Material provided Start Marker
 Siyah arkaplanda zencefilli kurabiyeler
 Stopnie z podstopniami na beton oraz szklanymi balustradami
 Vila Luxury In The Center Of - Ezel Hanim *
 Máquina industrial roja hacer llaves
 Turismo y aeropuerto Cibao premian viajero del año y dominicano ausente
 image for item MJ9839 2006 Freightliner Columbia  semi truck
Material provided End Marker
Material provided Start Marker
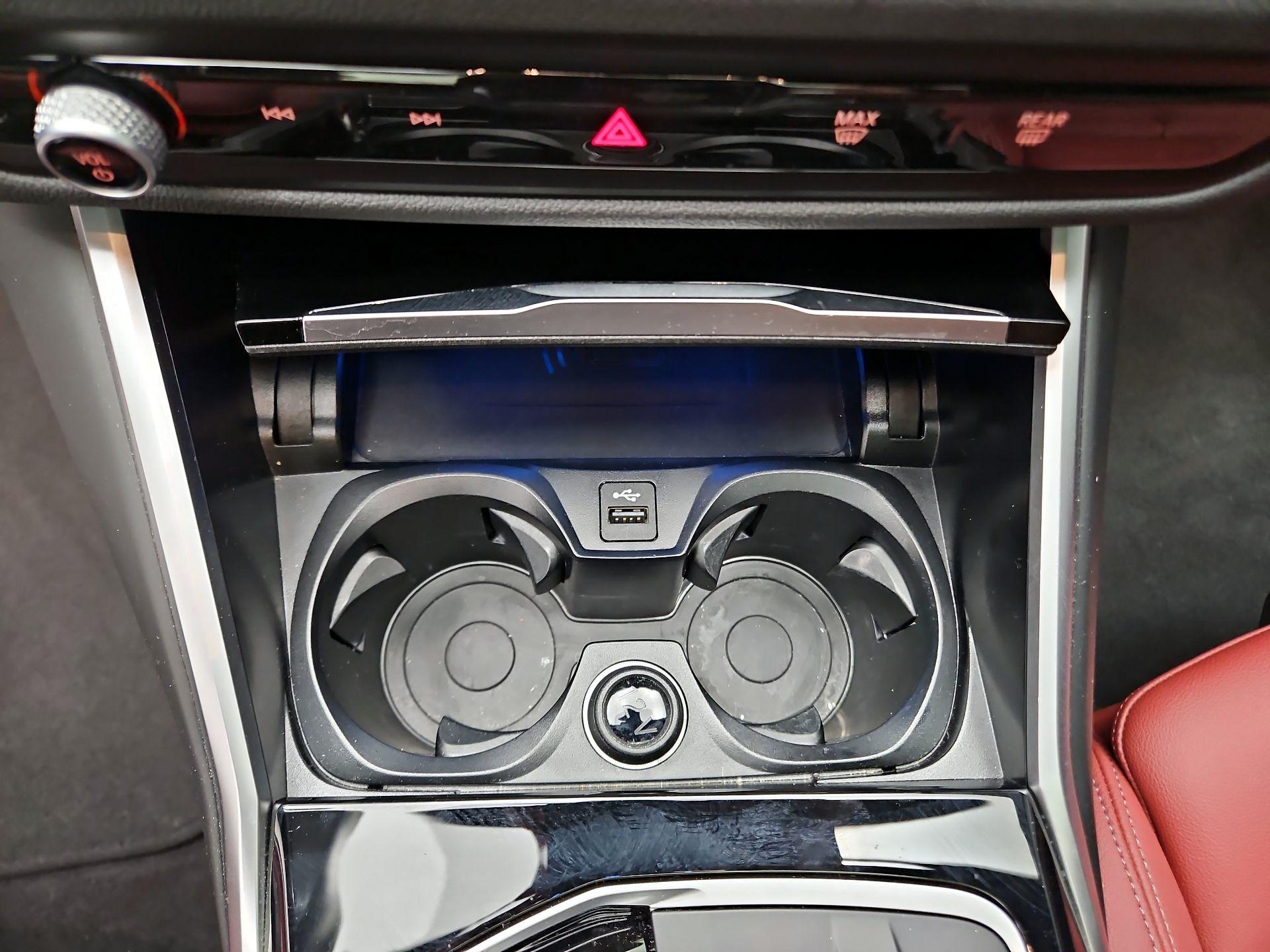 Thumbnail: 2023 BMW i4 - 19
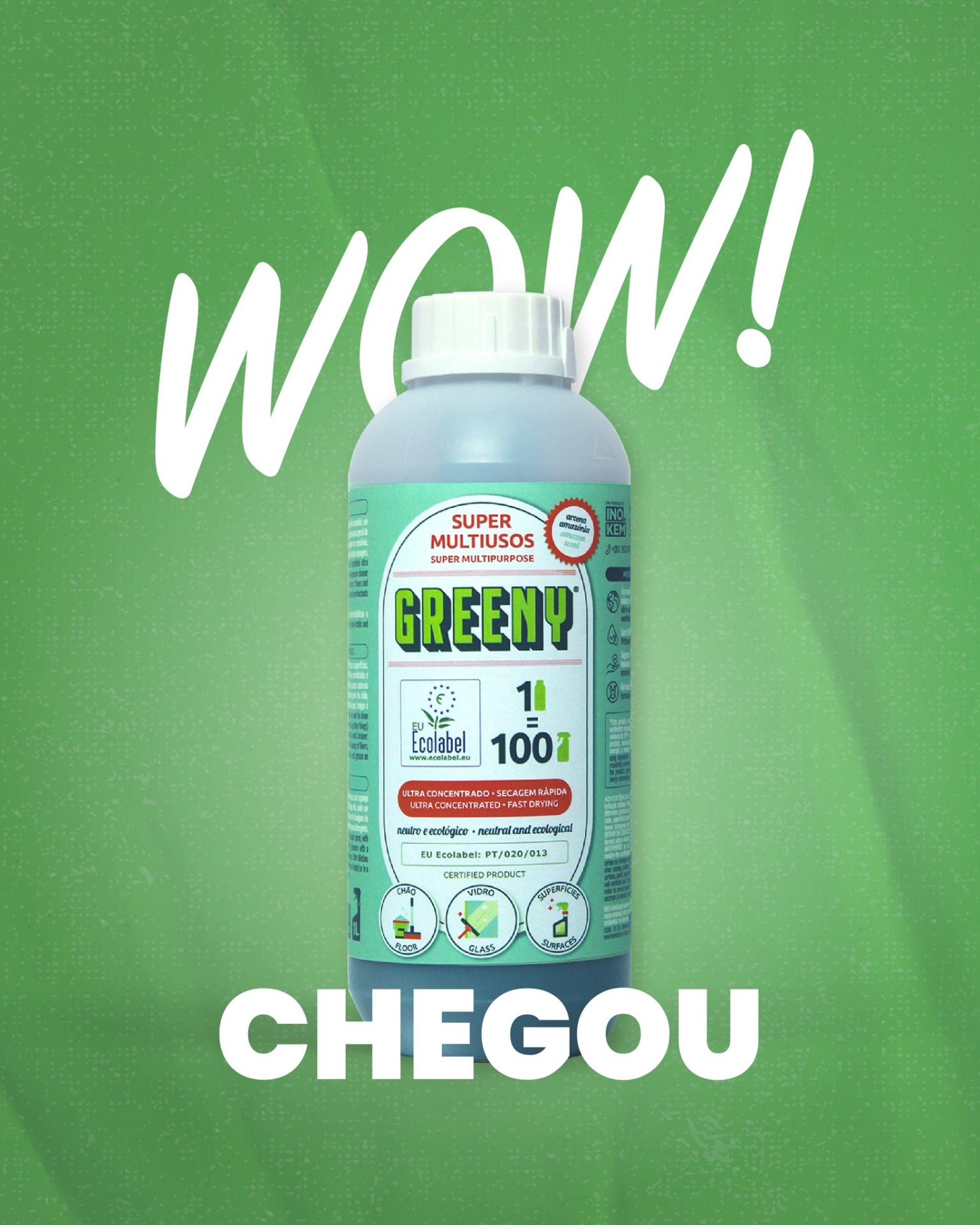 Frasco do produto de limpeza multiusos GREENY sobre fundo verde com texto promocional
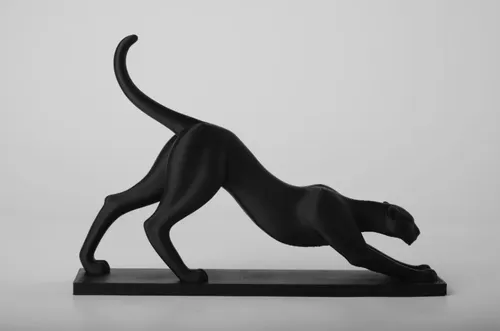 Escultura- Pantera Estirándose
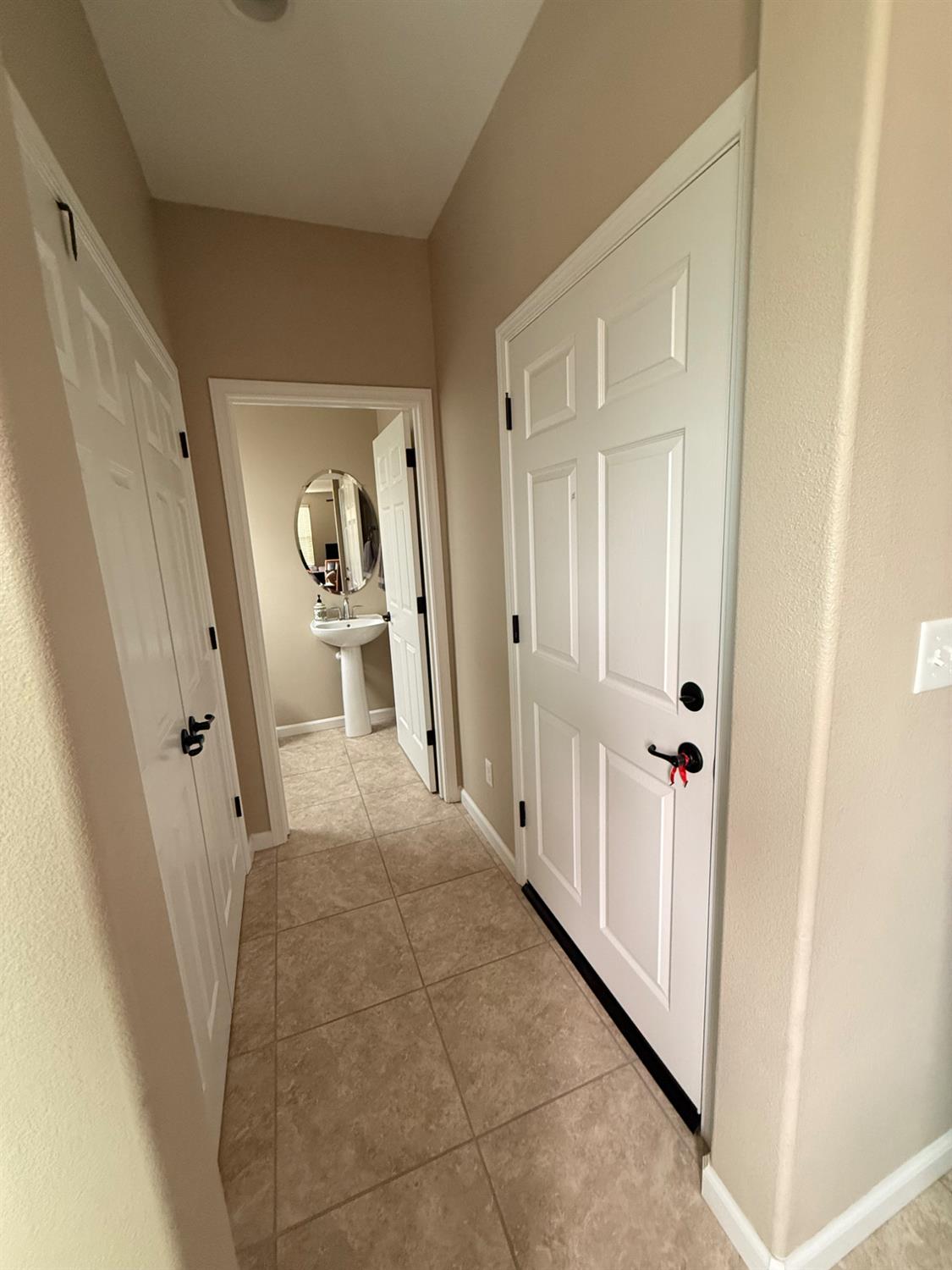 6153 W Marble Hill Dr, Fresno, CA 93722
Material provided End Marker
Give back exactly the lines of the listing above that run from the line with "Siyah arkaplanda zencefilli kurabiyeler" to the line with "Turismo y aeropuerto", inclusive.

 Siyah arkaplanda zencefilli kurabiyeler
 Stopnie z podstopniami na beton oraz szklanymi balustradami
 Vila Luxury In The Center Of - Ezel Hanim *
 Máquina industrial roja hacer llaves
 Turismo y aeropuerto Cibao premian viajero del año y dominicano ausente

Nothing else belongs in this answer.